── INFORMATION
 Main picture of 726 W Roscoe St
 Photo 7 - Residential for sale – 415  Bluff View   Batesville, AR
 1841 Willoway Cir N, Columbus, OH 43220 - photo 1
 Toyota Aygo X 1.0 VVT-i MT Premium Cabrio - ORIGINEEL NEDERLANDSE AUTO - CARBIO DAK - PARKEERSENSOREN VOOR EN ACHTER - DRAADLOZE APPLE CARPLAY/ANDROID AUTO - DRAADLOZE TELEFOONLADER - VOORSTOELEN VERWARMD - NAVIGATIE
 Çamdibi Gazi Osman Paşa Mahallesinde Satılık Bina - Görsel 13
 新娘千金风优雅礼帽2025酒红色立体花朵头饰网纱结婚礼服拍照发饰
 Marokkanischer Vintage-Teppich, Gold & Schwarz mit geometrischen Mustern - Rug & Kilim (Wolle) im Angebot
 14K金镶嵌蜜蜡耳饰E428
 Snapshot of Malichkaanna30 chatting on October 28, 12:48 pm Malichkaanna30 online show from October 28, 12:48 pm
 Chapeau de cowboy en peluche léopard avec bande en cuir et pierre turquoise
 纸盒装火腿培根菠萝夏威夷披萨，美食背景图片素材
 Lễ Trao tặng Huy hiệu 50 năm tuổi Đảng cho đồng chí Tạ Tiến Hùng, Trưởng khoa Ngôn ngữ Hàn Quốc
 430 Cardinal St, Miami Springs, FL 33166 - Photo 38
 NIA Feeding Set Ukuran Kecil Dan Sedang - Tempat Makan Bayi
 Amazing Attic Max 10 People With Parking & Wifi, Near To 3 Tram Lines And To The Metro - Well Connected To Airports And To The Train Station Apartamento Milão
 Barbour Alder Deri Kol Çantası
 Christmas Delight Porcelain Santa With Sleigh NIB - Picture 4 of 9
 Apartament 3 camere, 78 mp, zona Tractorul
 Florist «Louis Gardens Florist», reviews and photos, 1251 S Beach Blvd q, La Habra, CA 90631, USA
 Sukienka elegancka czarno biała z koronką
────
## EXERCISE DETAILS
Reproduce exactly, with nothing added, the lines from the one that contains "Çamdibi Gazi Osman" to the end of the data.

## WRITTEN SOLUTION
 Çamdibi Gazi Osman Paşa Mahallesinde Satılık Bina - Görsel 13
 新娘千金风优雅礼帽2025酒红色立体花朵头饰网纱结婚礼服拍照发饰
 Marokkanischer Vintage-Teppich, Gold & Schwarz mit geometrischen Mustern - Rug & Kilim (Wolle) im Angebot
 14K金镶嵌蜜蜡耳饰E428
 Snapshot of Malichkaanna30 chatting on October 28, 12:48 pm Malichkaanna30 online show from October 28, 12:48 pm
 Chapeau de cowboy en peluche léopard avec bande en cuir et pierre turquoise
 纸盒装火腿培根菠萝夏威夷披萨，美食背景图片素材
 Lễ Trao tặng Huy hiệu 50 năm tuổi Đảng cho đồng chí Tạ Tiến Hùng, Trưởng khoa Ngôn ngữ Hàn Quốc
 430 Cardinal St, Miami Springs, FL 33166 - Photo 38
 NIA Feeding Set Ukuran Kecil Dan Sedang - Tempat Makan Bayi
 Amazing Attic Max 10 People With Parking & Wifi, Near To 3 Tram Lines And To The Metro - Well Connected To Airports And To The Train Station Apartamento Milão
 Barbour Alder Deri Kol Çantası
 Christmas Delight Porcelain Santa With Sleigh NIB - Picture 4 of 9
 Apartament 3 camere, 78 mp, zona Tractorul
 Florist «Louis Gardens Florist», reviews and photos, 1251 S Beach Blvd q, La Habra, CA 90631, USA
 Sukienka elegancka czarno biała z koronką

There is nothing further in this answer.